How we helped B&Q create a ground-breaking sustainability strategy
After helping B&Q develop a pioneering and comprehensive sustainability strategy in 2007, we’ve supported it to slash its carbon footprint by 41% and dramatically cut costs
Not long out of university and a year into my role at Bioregional, I felt privileged to be given such an integral role in producing B&Q’s One Planet Home Action Plan in 2007. Ten years later, the One Planet Home programme has seen incredible achievements, including a 41% reduction in its total carbon footprint.

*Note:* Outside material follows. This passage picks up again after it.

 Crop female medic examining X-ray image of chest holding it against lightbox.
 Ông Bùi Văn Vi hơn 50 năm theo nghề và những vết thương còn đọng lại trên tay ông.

Since 2007, leading UK home improvement retailer B&Q has been using One Planet Living to accelerate its move towards sustainability. Its Annual Review 2016/17 celebrates this decade of commitment
Download PDFA saving of 762,546 tonnes of greenhouse gas emissions through a 41% reduction in B&Q’s absolute carbon footprint
Reducing costs by £164m through better energy, transport and waste management
99% diversion of waste from landfill
As an environmentalist who wants to bring sustainability into the mainstream, I was excited to get started in 2007 by helping Bioregional use its One Planet Living framework with a business for the first time. Rachel Bradley, the Sustainability Manager, was my window into the world of B&Q and together we improved our understanding of the key sustainability issues for their business.
This enabled us to set stretching targets, based on climate science, resource scarcity and best practice standards. We’ve worked in partnership since to deliver progress, with several key ingredients emerging for turning our aspirations into an award-winning programme:
Several years ago, I made a list of the people I had worked with at B&Q – it was over 60 individuals from the director of logistics to the head office facilities manager and store colleagues. It was vital to understand their strategies, objectives and day-to-day roles and how we integrate sustainability into these. For example, when the facilities manager renegotiated the food contract for head office, she included a preference for free range eggs, more vegetarian options and fairly traded tea and coffee.
Bioregional is fondly referred to by our partners as ‘the people you go to for answers to the difficult questions’. And I’ve certainly been asked some challenging questions over the years. It’s important to me and my team that we provide the best information we can to our partners to help inform their decisions and ensure we are focusing on the right things. I’m proud of the research we’ve done over the years, from assessing the embodied carbon of a B&Q store to understanding the water use of over 350 stores to establish best practice.
Often I find myself desk based or in meetings but I’ve learnt how important it is to also make time to get out into ‘the real world’. I’ve looked in skips to see what waste was still going to landfill, toured old and new stores to audit energy use and quizzed suppliers about challenges and opportunities. Credible research and analysis is important, but you also need real-life understanding to devise the best solutions.
For example, going to stores to see where treated wood waste was arising, helped B&Q work with suppliers on take back of certain packaging items and develop a returnable pallets scheme.
I’m immensely proud of our achievements over the past ten years and look forward to the next chapter.